You're Constantly Cold
If you need a sweater in the summer, chances are that you're diet is off-balance. A study published in the Journal of the American College of Nutrition shows that a low-carb diet can have a negative effect on your thyroid, which regulates your body temperature—a slow thyroid will make you constantly feel chilly Instead of ditching all carbs, make sure you're eating complex ones that come from whole grain breads, pasta, and other baked goods.
You're Breaking Out
Acne and wrinkles are two major indicators of an unbalanced diet. A review published in the journal Dermato-Endocrinology found that a diet lacking in vitamin A can impact your skin. Vitamin A plays a crucial role in regulating retinoid production, and a deficiency in this crucial nutrient could also lead to dry hair and brittle nails. Consume foods such as sweet potatoes, carrots, and winter squashes to make sure you're getting your daily intake of vitamin A.

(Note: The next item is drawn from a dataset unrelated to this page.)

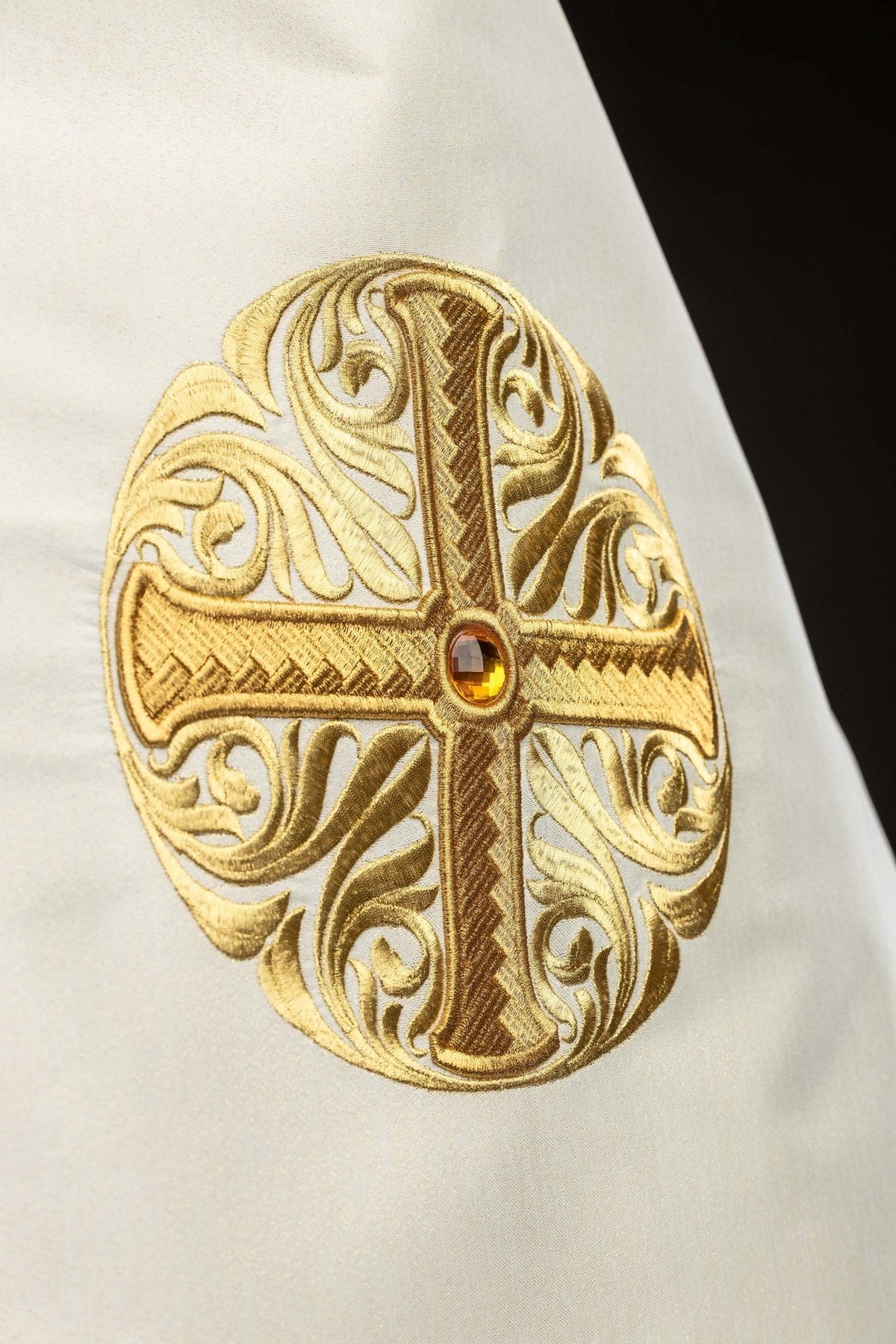Humeral veil close-up showing embroidered gold cross with decorative stone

If you've been feeling down, what you consume on a daily basis may be the reason. The Indian Journal of Psychiatry found that a deficiency in vitamins, minerals, and/or Omega-3 fatty acids can actually lead to depression and other mental illnesses. They also noted that taking nutritional supplements containing folate and vitamin B12 helped patients boost their mood and combat their mental illnesses.

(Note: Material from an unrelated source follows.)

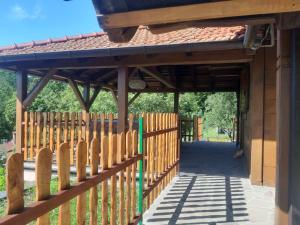 a wooden fence in front of a building with a gate at Villa Felix with spectacular pool in green oasis in Opatija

You Can't Remember Anything
Even your memory is affected by the things you eat. According to a study by Annals of Neurology, women who consume more saturated fats scored lower on memory and thinking tests in comparison to those who avoided these fats. Keep your memory sharp as a knife by ditching the fast food burgers and fries and going for something low in saturated fat, like a salad or whole wheat avocado toast.
You're Always Sick
What you eat influences your immune system. If you're on a low-protein diet, you may be compromising your health. According to a study conducted by the University of Pennsylvania School of Medicine's Department of Surgery, protein helps strengthen your immune system; when you have a lack of the essential nutrient in your diet, your immune system weakens and makes you more prone to illness. To keep your body healthy and away from viruses and bacteria, make sure you're eating protein-packed foods like lean meats, beans, and dark leafy greens.
You Have No Energy
If it takes too much effort just to get ready for the day, your diet is probably lacking in iron. One of iron's many duties is to help boost energy levels by transporting oxygen throughout the body. But when you're not ingesting enough iron, your body isn't making enough of those essential red blood cells that transport oxygen and keep you energized for the day. One of the biggest symptoms of anemia (when your blood is low in iron) is low energy levels and sluggishness, according to the Cleveland Clinic Center for Continuing Education. If you have anemia, take iron supplements and incorporate some of The Best Iron Rich Foods into your diet to pump up oxygen flow and energy into your body.